# Problem to work on:
From the line with "solo, sylvia_christel, underwear" to the line with "6 Pcs Silver", retype each line exactly as it stands in the records below, but skip the pictures.

======== Information given ========

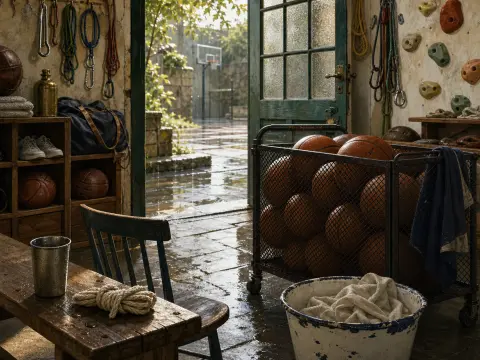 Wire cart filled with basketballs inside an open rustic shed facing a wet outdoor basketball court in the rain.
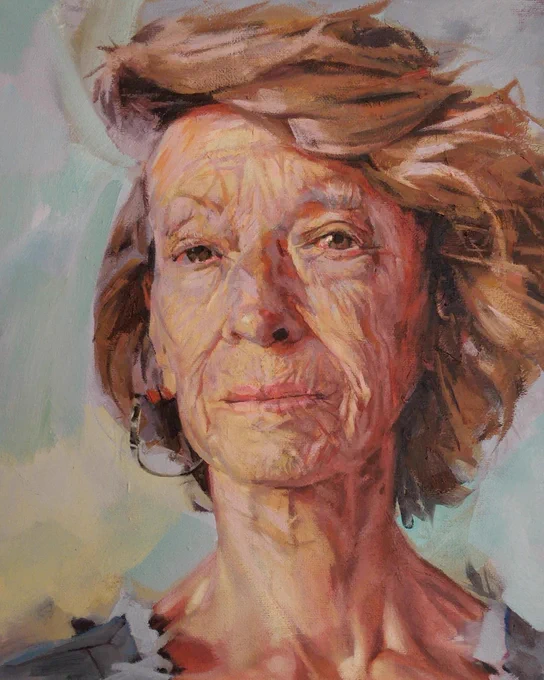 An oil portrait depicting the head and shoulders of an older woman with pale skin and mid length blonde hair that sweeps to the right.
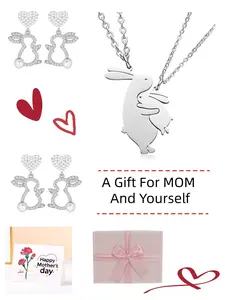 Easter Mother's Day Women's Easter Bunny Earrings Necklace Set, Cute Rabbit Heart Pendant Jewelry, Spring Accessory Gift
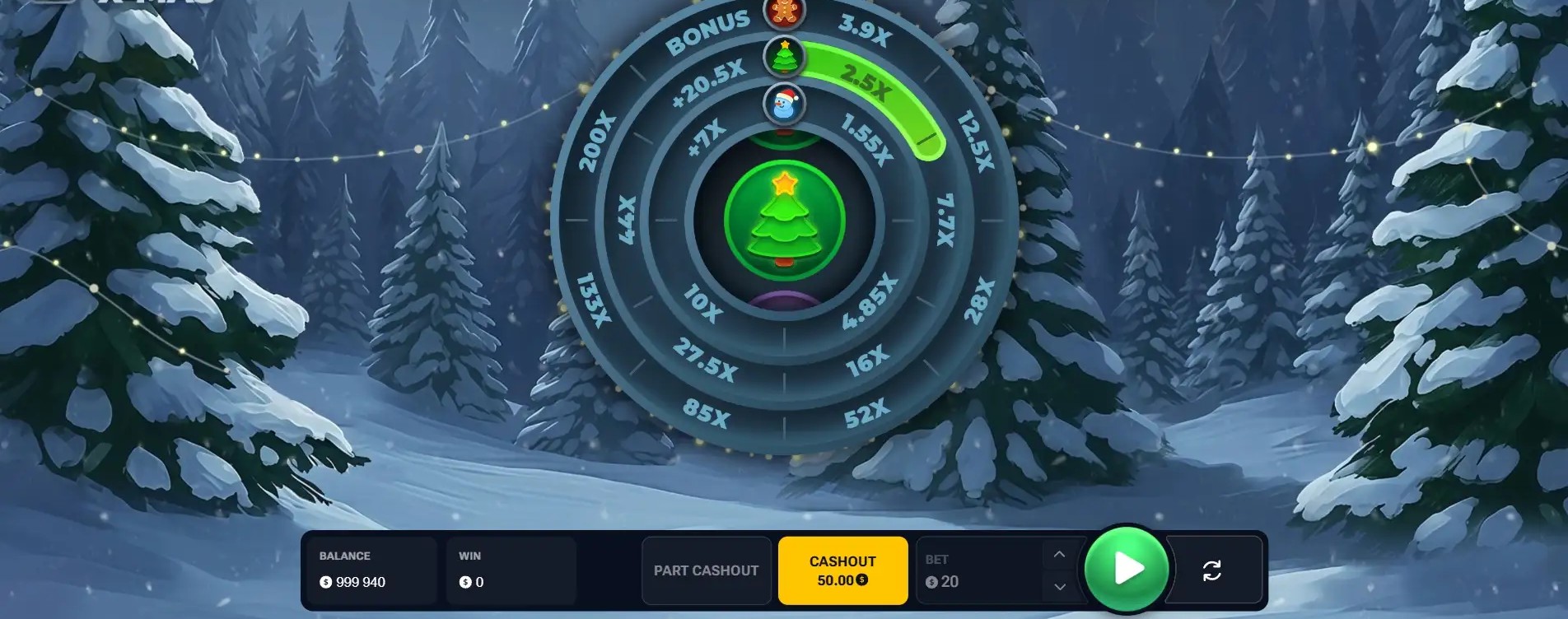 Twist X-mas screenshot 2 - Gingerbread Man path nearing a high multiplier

========
======== Information given ========

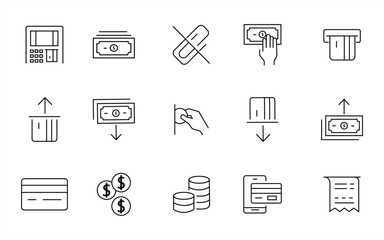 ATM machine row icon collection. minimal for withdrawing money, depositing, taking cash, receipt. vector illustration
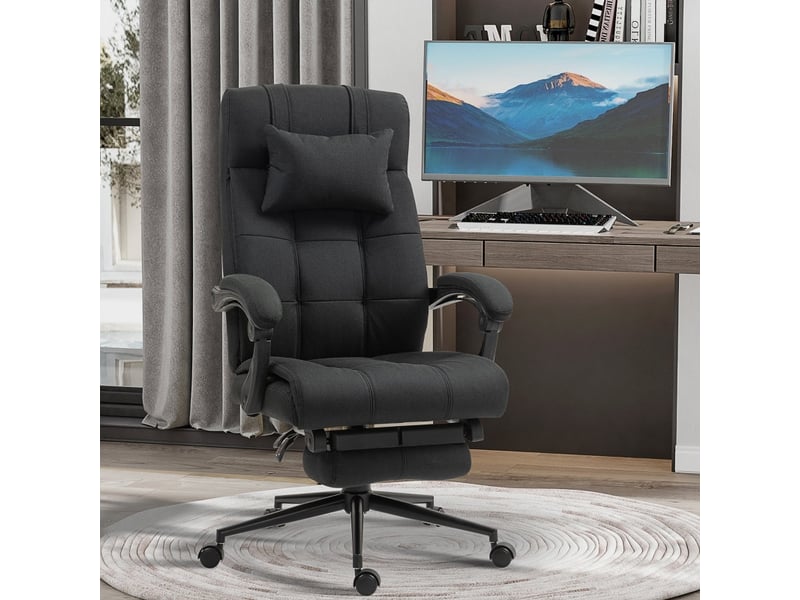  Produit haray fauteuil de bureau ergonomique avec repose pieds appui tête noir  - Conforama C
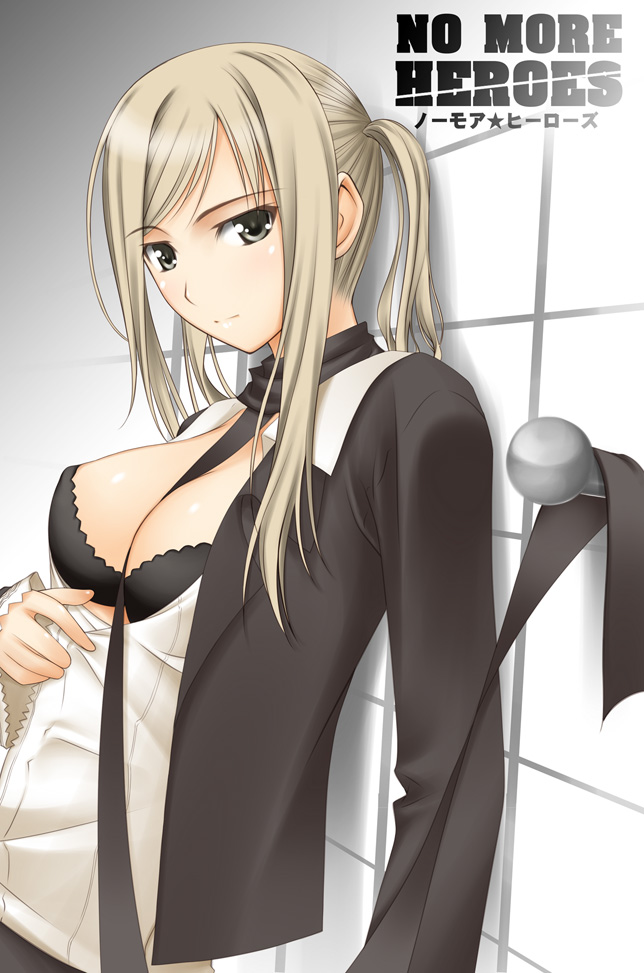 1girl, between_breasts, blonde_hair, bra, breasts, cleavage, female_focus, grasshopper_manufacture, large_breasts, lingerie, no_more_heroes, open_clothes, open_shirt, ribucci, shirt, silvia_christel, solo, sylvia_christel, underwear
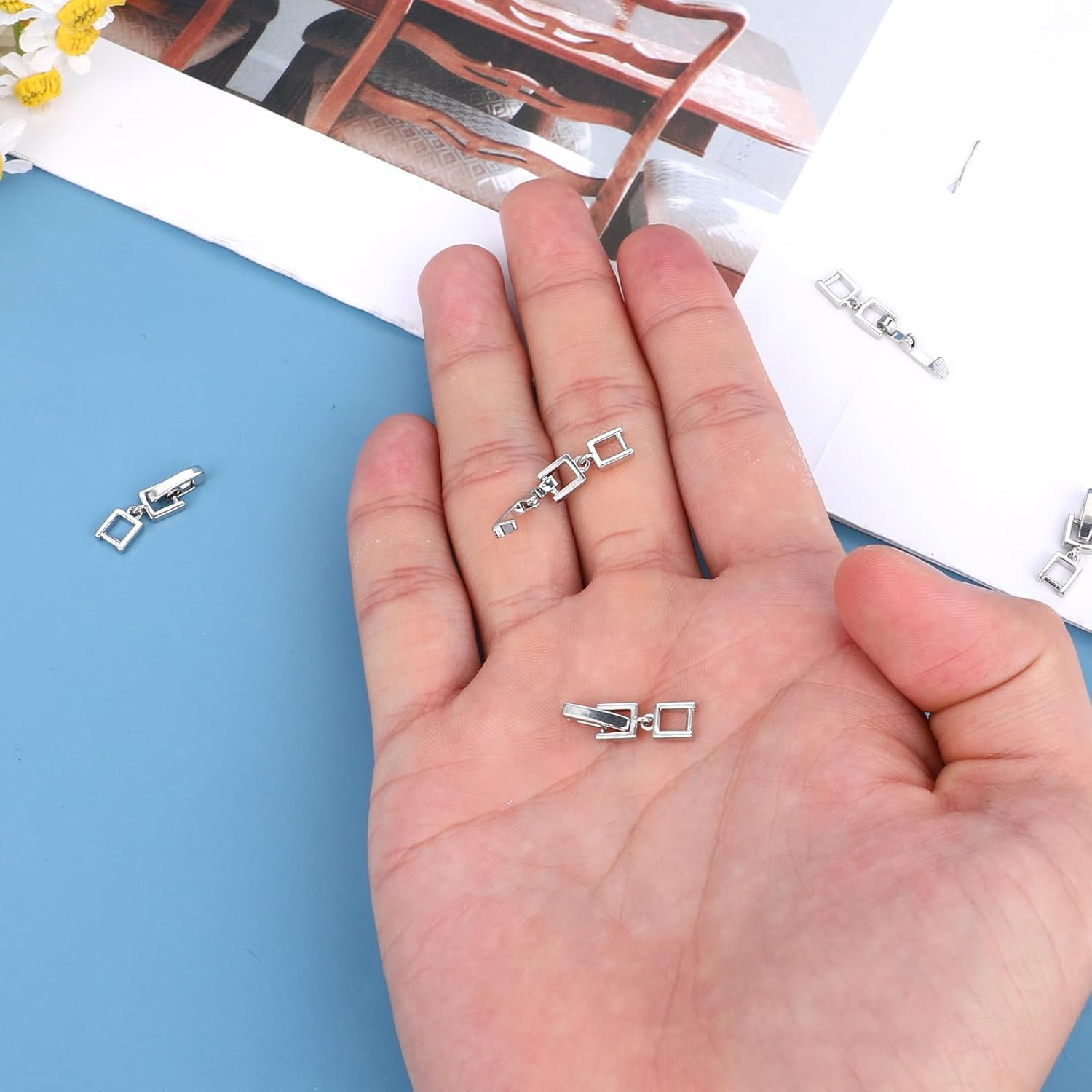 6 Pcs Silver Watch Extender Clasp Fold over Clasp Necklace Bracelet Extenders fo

========

# Output for this exercise:
 1girl, between_breasts, blonde_hair, bra, breasts, cleavage, female_focus, grasshopper_manufacture, large_breasts, lingerie, no_more_heroes, open_clothes, open_shirt, ribucci, shirt, silvia_christel, solo, sylvia_christel, underwear
 6 Pcs Silver Watch Extender Clasp Fold over Clasp Necklace Bracelet Extenders fo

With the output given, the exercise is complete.